The Munsey kids usually had domestic cats, but they also had many wild pets over the years. Today, Alaska Department of Fish and Game (ADF&G) laws prohibit feeding and taming wild animals, but in the 1960s and 1970s, ADF&G not only allowed people to rescue wild animals, but ADF&G employees, themselves, often rescued animals and brought many of these animals to the Munseys to care for, nurse back to health, and re-release into the wild.
A few of these animals were good pets, but most were not. Mike remembers a baby bald eagle, rescued after falling out of its nest, being a particularly bad pet. Whenever anyone left the house, the eagle would chase them, demanding food. According to family legend, young Bob wore a red coat that the eagle found particularly attractive, so whenever anyone wanted to leave the house, they’d coax Bob to put on his coat and run the opposite direction. The eagle would chase Bob, and the other family members could escape the house unmolested.
Baby seals abandoned by their mothers were cute but often did not survive, and it is likely there was something wrong with the babies to begin with, and that’s why their mothers abandoned them. A few of the seals did make it, though, and I’ve seen 8mm footage of Pat in the water in hip boots, coaxing a baby seal to swim. Pat remembers the mess the seals made when the kids would sneak them up to their rooms.
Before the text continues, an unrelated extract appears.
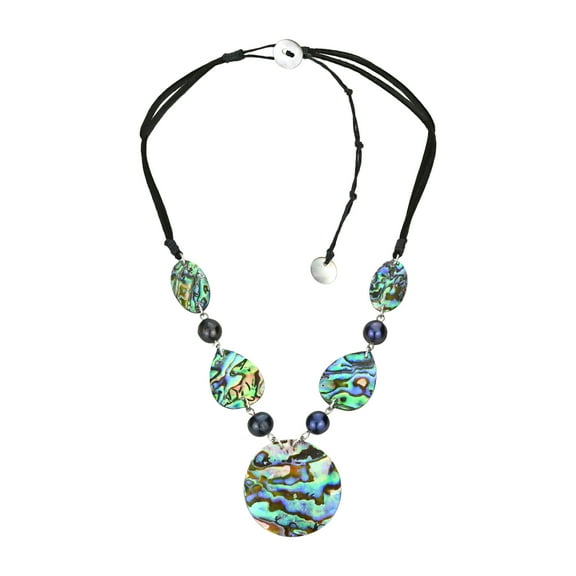 AeraVida Ocean Elegance Round Abalone Shell and Black Pearls Velvet Fabric Necklace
Two of the favorite pets were birds. Tom Emerson with Fish and Game gave the Munseys a one-legged magpie that he had taught to say, “Maggie,” her name. Herbie was a seagull chick the Munseys raised, and he became very attached to the children. One time, just as Herbie was learning to fly, the Munseys were returning home by boat. Herbie was so excited he took off and flew toward them, but he hadn’t quite perfected the art of landing, and he crashed into the water beside the skiff. The kids scooped him into the boat and dried his feathers.
Red foxes are easy to partially tame with food, and at times, the Munseys had as many as eight foxes in the yard at mealtime. A man in Kodiak gave Park six raccoons, and Park released them at the Amook Pass home. The raccoons would join the foxes for meals, and sometimes the raccoons and foxes would enter the house, where the Munseys’ Siamese cats curiously watched them. As hard as it is to believe, these wild and domestic animals peacefully co-existed as long as there was plenty of food.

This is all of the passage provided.